Corporate Social Responsibility (Bagian Kedua)
Nah, inilah pertanyaan yang saya tunggu. Tulisan saya yang pertama tidak bilang bahwa
Oleh Theodorus Widodo
Wakil Ketua Forum Pembauran Kebangsaan (FPK) NTT
POS KUPANG.COM - Seorang sohib dari jauh kirim Whatsapp dengan nada protes sesudah baca artikel CSR saya yang pertama. "Kau omong gampang teman. Contohmu itu, korporasi-korporasi besar yang duitnya banyak. Bagaimana dengan kitorang pedagang toko yang modalnya kecil begini?"
Nah, inilah pertanyaan yang saya tunggu. Tulisan saya yang pertama tidak bilang bahwa kegiatan amal itu bukan CSR. Kegiatan amal juga bagian dari CSR asalkan amal itu juga mendatangkan manfaat bagi perusahaan.
Konkretnya Begini
Sebagai pemilik toko, Anda pasti sering didatangi orang untuk minta bantuan. Soal jadi beri atau tidak, itu perkara lain. Soal Anda pelit atau tidak. Itu urusan lain. Tapi yang pasti, Anda sering didatangi, kan? Yang jadi pertanyaan, apakah manfaat yang Anda harapkan ketika Anda memberi?
Kalau harapannya hanya semoga Tuhan mencatat pemberian Anda supaya Anda masuk surga dan toko Anda tidak perlu mendapatkan manfaat dari pemberian itu, maka pemberian itu bukan CSR. Pemberian itu adalah derma, kolekte, infaq atau shadaqah. Hanya Tuhan, Anda dan si penerima bantuan yang perlu tahu. Orang lain, farek. Tapi ketika Anda memberi dan berharap ada manfaat bagi perusahaan, sekecil apa pun manfaat itu, maka pemberian itu adalah bagian dari CSR.
Pertanyaan berikut. Apa manfaat yang diharapkan dari pemberian itu? Dengan memberi sesuatu kepada suatu komunitas tertentu, toko Anda akan terkesan baik bagi komunitas itu. Maka anggota komunitas akan lebih suka belanja di toko Anda ketimbang di toko lain. Anda mendapatkan keuntungan dari pemberian itu. Salahkah pemberian dengan harapan seperti ini? Tidak. Perusahaan termasuk toko adalah badan usaha yang mesti cari untung. Bahasa kerennya ini adalah badan usaha yang butuh profit.

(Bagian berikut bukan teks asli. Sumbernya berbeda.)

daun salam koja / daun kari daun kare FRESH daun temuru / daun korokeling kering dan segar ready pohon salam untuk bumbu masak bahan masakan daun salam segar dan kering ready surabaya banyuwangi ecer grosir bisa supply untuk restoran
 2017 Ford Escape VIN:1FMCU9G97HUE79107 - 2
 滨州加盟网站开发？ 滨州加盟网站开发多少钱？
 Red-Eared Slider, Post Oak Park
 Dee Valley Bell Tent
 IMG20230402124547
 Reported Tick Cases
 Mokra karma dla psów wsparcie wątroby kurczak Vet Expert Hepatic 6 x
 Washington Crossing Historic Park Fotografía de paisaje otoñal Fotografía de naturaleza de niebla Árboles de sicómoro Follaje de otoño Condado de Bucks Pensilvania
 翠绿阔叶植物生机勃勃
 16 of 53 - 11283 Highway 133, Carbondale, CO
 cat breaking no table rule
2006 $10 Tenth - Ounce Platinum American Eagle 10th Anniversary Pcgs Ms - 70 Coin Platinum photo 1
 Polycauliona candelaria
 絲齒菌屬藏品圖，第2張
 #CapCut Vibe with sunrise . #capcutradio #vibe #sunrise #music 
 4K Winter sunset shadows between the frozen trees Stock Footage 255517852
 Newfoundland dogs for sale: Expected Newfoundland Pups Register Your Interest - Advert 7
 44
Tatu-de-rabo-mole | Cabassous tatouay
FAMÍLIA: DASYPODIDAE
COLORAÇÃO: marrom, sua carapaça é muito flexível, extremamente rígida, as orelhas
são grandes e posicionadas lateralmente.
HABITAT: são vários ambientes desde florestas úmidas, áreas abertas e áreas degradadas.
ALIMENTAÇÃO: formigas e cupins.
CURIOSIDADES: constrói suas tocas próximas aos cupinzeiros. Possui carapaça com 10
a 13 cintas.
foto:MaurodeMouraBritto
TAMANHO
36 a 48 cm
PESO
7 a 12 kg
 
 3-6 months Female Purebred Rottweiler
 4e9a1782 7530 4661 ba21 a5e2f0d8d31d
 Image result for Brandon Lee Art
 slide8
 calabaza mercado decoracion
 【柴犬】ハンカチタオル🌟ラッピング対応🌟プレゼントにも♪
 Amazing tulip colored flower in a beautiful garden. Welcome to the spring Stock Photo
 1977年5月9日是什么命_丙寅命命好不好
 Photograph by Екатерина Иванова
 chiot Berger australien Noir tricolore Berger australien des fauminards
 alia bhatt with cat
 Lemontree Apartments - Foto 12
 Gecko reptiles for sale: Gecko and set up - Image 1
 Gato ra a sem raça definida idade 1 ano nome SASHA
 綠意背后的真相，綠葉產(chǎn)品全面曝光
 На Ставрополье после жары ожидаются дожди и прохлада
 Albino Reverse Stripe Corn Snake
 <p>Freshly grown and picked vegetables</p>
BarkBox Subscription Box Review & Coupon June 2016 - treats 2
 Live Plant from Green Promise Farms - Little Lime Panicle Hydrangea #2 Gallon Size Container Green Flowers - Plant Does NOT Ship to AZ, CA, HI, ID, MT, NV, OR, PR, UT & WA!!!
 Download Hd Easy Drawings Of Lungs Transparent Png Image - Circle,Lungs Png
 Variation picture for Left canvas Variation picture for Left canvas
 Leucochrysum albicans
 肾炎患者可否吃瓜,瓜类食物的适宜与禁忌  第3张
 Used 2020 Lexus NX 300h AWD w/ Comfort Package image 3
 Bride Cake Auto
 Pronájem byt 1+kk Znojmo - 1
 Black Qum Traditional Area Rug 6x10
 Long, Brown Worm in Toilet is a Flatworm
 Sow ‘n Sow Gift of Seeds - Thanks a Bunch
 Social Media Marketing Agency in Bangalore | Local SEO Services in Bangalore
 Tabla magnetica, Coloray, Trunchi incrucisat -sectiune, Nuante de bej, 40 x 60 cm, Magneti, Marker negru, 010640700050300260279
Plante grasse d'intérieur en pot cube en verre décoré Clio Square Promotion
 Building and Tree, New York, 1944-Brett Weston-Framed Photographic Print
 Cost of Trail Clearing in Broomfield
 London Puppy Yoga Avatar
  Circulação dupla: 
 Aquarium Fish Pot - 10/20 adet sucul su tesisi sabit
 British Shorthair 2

Contoh lain. Kerja gotong royong membersihkan lingkungan di kelurahan. Kerja gotong royong ini akan memberi kesan bahwa Anda peduli pada lingkungan di mana Anda berada. Dengan berada bersama saudara-saudara sekelurahan membersihkan lingkungan, Anda menjadi bagian dari mereka.
Maka Anda dan warga kelurahan akan lebih akrab dan otomatis mereka lebih suka belanja di tempat Anda ketimbang di tempat lain. Dengan mengharapkan manfaat seperti ini, maka kerja gotong royong adalah bagian dari CSR. Tapi ketika Anda mengirim amplop untuk turut membiayai kegiatan bersih-bersih lingkungan, apalagi dengan pesan kepada pak lurah untuk tidak mengumumkan sumbangan Anda, maka ini bukan CSR.
Ini adalah derma, kolekte, infaq atau shadaqah. Anda boleh berharap masuk surga dengan pemberian itu, tapi jangan berharap ada keuntungan buat perusahaan atau toko Anda.
CSR harus berbasis tiga P. People atau masyarakat termasuk karyawan perusahaan sendiri; Profit atau keuntungan bagi perusahaan; dan Planet atau bumi yang berarti lingkungan. Kegagalan pada salah satu P akan berimplikasi kerugian pada perusahaan yang bisa fatal.
Contoh. Kegagalan perusahaan pembuat sepatu Nike Inc pada P pertama CSR atau People yang dalam hal ini karyawannya sendiri di tahun 1997. Salah satu kontraktornya di Indonesia bersikap semena-mena terhadap karyawannya. Nike yang sudah jadi gaya hidup di masa itu adalah produsen sepatu berkelas dunia yang dipakai kelompok masyarakat papan atas termasuk para selebriti dunia dengan harga per pasang tidak kurang dari 100 dollar US.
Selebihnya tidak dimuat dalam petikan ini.